It works better for dealing with metadata that's being changed a lot and if you're scripting everything anyway, it doesn't really make that much difference. Six of one for a lot of cases. Batches take more memory, but are also more efficient at runtime. I'm really just saying I would never, ever create a separate metadata resolver for every individual file, that's insane.

> If you have a link to the Unicon stuff (or someone from Unicon is listening in),
> please add to this thread.

I don't have a link. I think it's in Internet2's github, and I don't know how to get into it.

> Is this running on the IdP server or elsewhere?

My staging system. If you mean the GUI I think they envision that it could, but it probably doesn't have to. They're all Docker centric and I'm not, so I wouldn't trust my interpretation of how any of it is supposed to work.

> Do you have a relevant pointer (or pointers) into jira?
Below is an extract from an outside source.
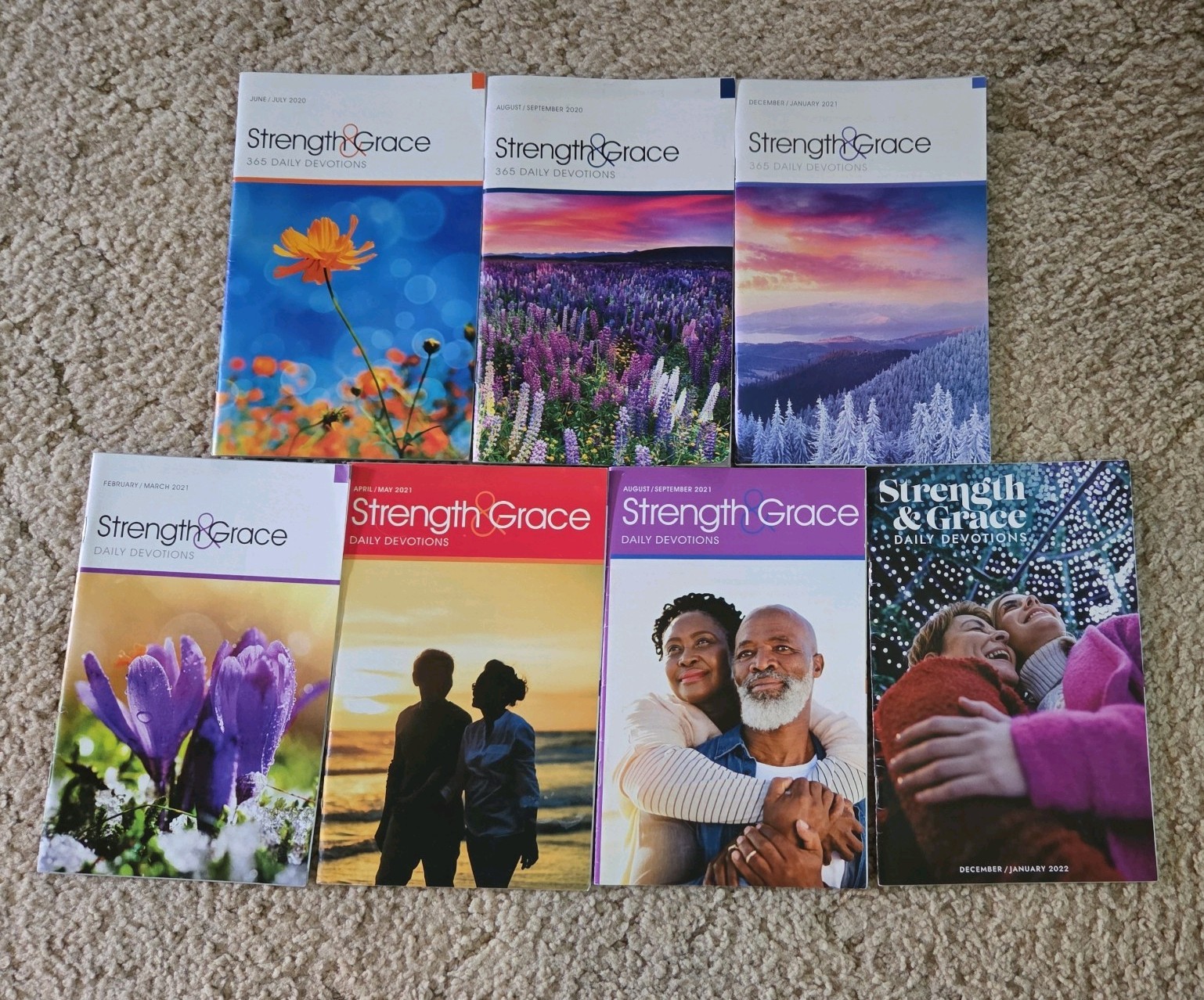 GUIDEPOSTS STRENGTH & GRACE 365 DAILY DEVOTIONS – LOT OF 7 BOOKLETS – 2020-2022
Not off the top of my head, they're filed with pretty obvious titles, and much of it's just personal opinion about how I think things should work. e.g. The dynamic plugins don't cache failure. That means you can't have more than one in a chain without too much overhead and it means the remote dynamic has to be at the end of the chain. The local one isn't as bad, but I want better control over refreshes and would rather see it cache failure also.

> Oh, okay, I thought you were handling some entities in federation metadata
> specially due to a perceived high probably of failure at some point down the
> road.

I configure around some of them if I have reason to, but that's not a trust issue, just an operational one.

The ones I care about are contracted services. If I'm using InCommon for that metadata, I stay relatively aware of what I'm doing, and I'll be adding tags via filters to get a lot of my current behavior expressed more declaratively. Ad hoc SPs are responsible for themselves.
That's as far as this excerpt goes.